No, we don’t want to leave.

When confronted by women’s groups, Justice Dogar insisted his words to Iman were gracious, merely meant to scold a child. But even by that framing, it reflects a troubling paternalism — one that women have long been forced to resist.

We want to stand up to our uncles, our fathers, our make-shift fathers; the whole lot.

To deny a woman’s intelligence is a form of violence. To neglect her educational expertise is a form of violence.

A legacy of resistance

Imaan Mazari is not small. She stands in a lineage of women like Asma Jahangir — the iconic Pakistani lawyer and activist who fought for those buried under patriarchy and state violence. The world finds it easier to dignify Jahangir now that she is gone. Mazari, alive and forceful, is harder to dismiss. Young, sharp, blisteringly defiant; she is a blinding force field in a landscape still upheld by men who prefer obedience. She prefers equality.

They have tried to punish her before — locking her in jail without the medication she needs to keep her kidneys functioning, counting on her dignity to fracture. She walked out of prison with her head still high. That, too, is why they fear her.

The broader context

What Mazari faced fits within a much larger story. In Pakistan, women’s rights are not merely curtailed — they are structurally undermined. Marital rape is effectively legal. Honour killings persist. Child marriage is jealously defended by powerful religious institutions. Rape survivors are disbelieved and humiliated. Women’s testimony still counts for half a man’s in court.

Mukhtaran Mai. Noor Mukadam. Dr Mahrang Baloch, Imaan’s client, whom she was representing in court the day she was asked to shut up.

Imagine living under laws that over-legislate your existence, simultaneously fearing you, and pitying you, reducing you to a reproductive vessel. If a woman were a car, to use one analogy, she would be denied headlights and an engine — deliberately mutilated.

In that context, every insult hurled at a lawyer like Mazari carries disproportionate weight. Because if the lawyers are silenced, what chance do their clients, the poor, the vulnerable, the disappeared, ever have?

So no. The kind of compliance needed from women in our country is not the nation-building kind of woman our founding mothers were. Imaan is a mouth on legs, and if you ask me, that is far more judge-like than the people she calls “my lord”.

The moral choice

This is not just Pakistan’s story. It is a universal story about how patriarchies function, how power defaults to diminishing women, how “everyday sexism” provides cover for systems of slavery, casteism, ownership, and silencing.
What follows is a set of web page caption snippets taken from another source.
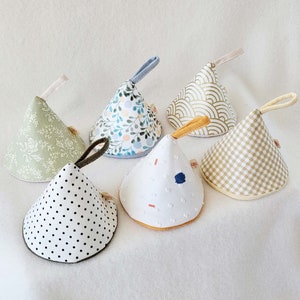 May include: Five different patterned pot holders in various colors and designs. The pot holders are shaped like small cones and have a loop for hanging.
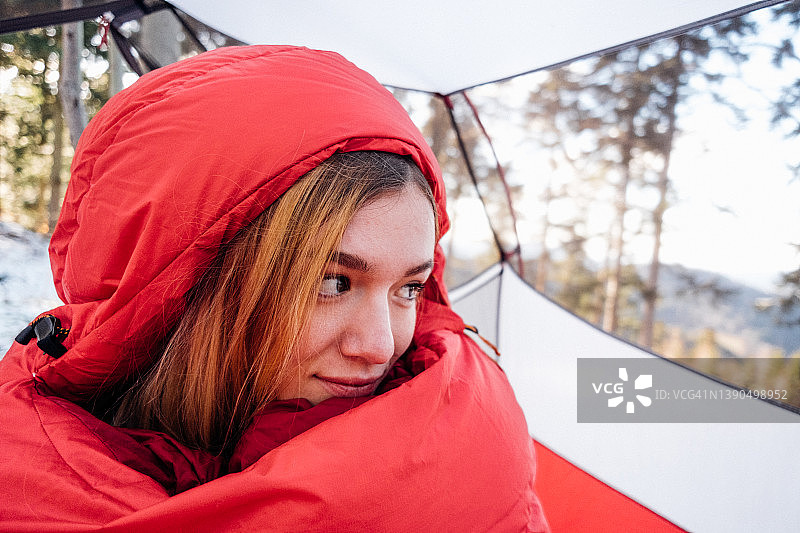 一个裹着红色睡袋的女人向帐篷外张望图片素材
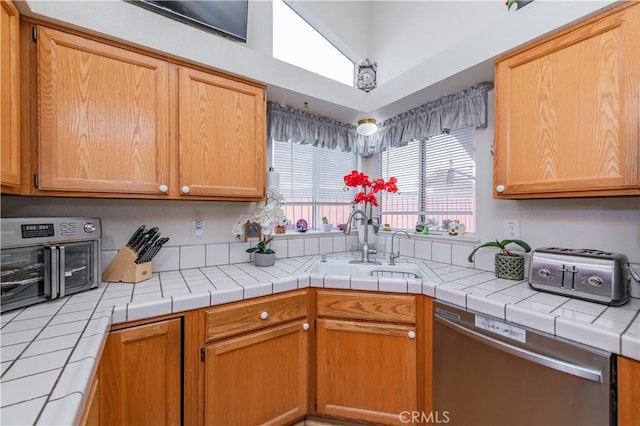 kitchen with tile counters, stainless steel dishwasher, vaulted ceiling, and sink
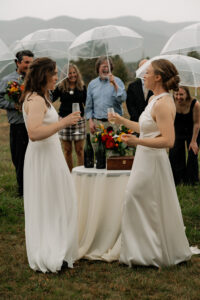 Two brides toast with eachother in their wedding dresses with their family behind them with umbrellas laughing.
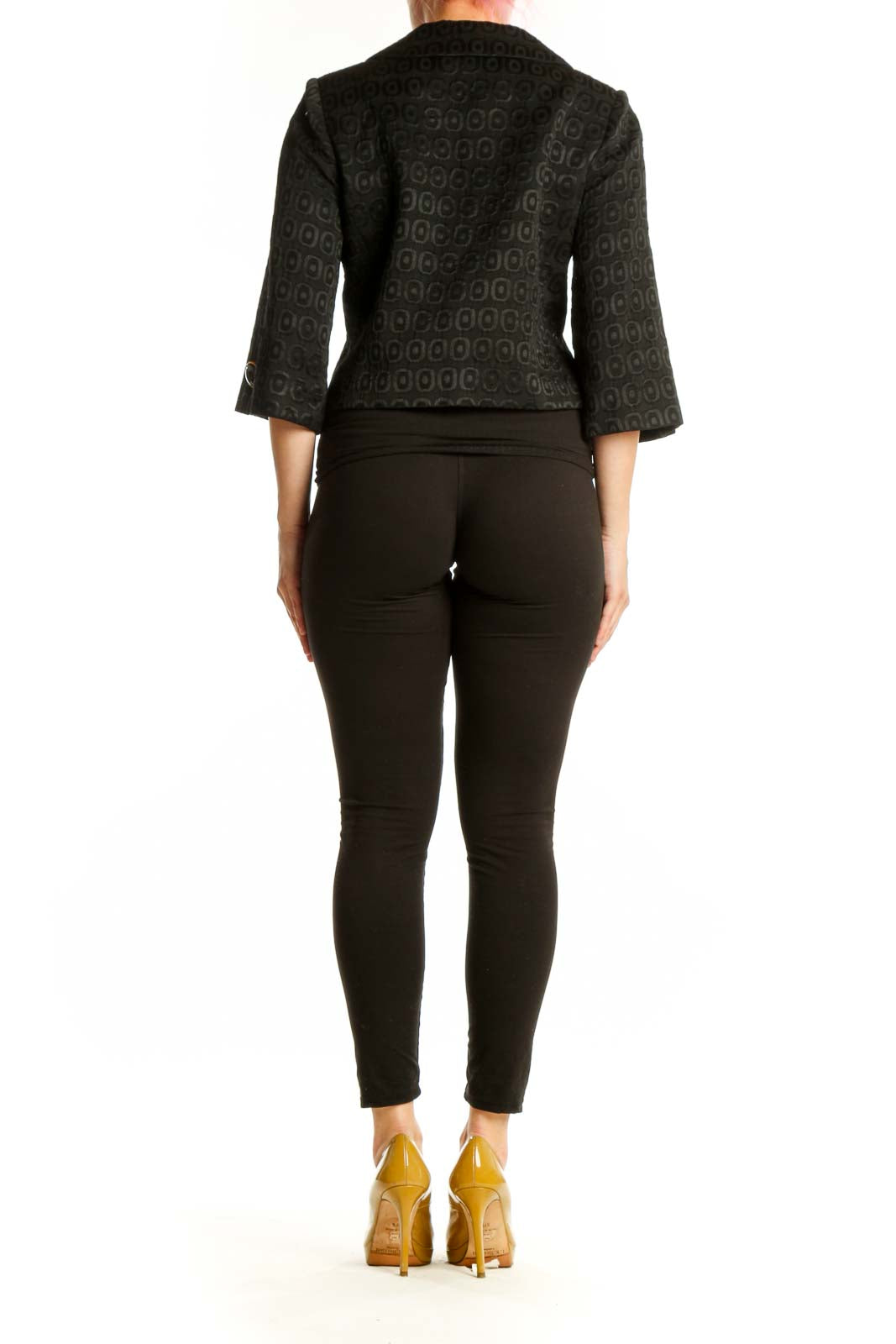 Back view of black geometric cropped jacket showing three-quarter sleeves and structured silhouette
Iman Mazari knew Justice Dogar’s words were not just outbursts; they were claims to authority. She knew they must be resisted. By calling him out publicly on her social media, she broke the cycle of complicity that silence demands. That act alone is worth celebrating.

Because sexism is not just another side of the story. And respect — in law, as in life — must be earned.

What comes next

Pakistan can choose differently. It has shown remarkable willpower when it comes to reshaping skylines with housing societies and concrete developments, often for profit. Yet the more urgent task lies in rebuilding the moral and social foundations of the state.

Justice Dogar, too, has choices. He can approach his office as a servant of law, as a reconciler of fractured social trust between genders. He can help build a country where women are treated as equals under justice: citizens, never subjects.

Or he can continue playing the old patriarch, reinforcing the entrenched patterns of authority that rely on diminishing women’s place in public life.

Pakistan’s women already know this much: they have been the invisible half of its economy, its politics, its homes. They have fought, endured, marched, and still received nothing — no capital, no inheritance, no protection. Just marching orders.

That is why, after centuries of silence, they are no longer whispering.

They will not keep their mouths shut.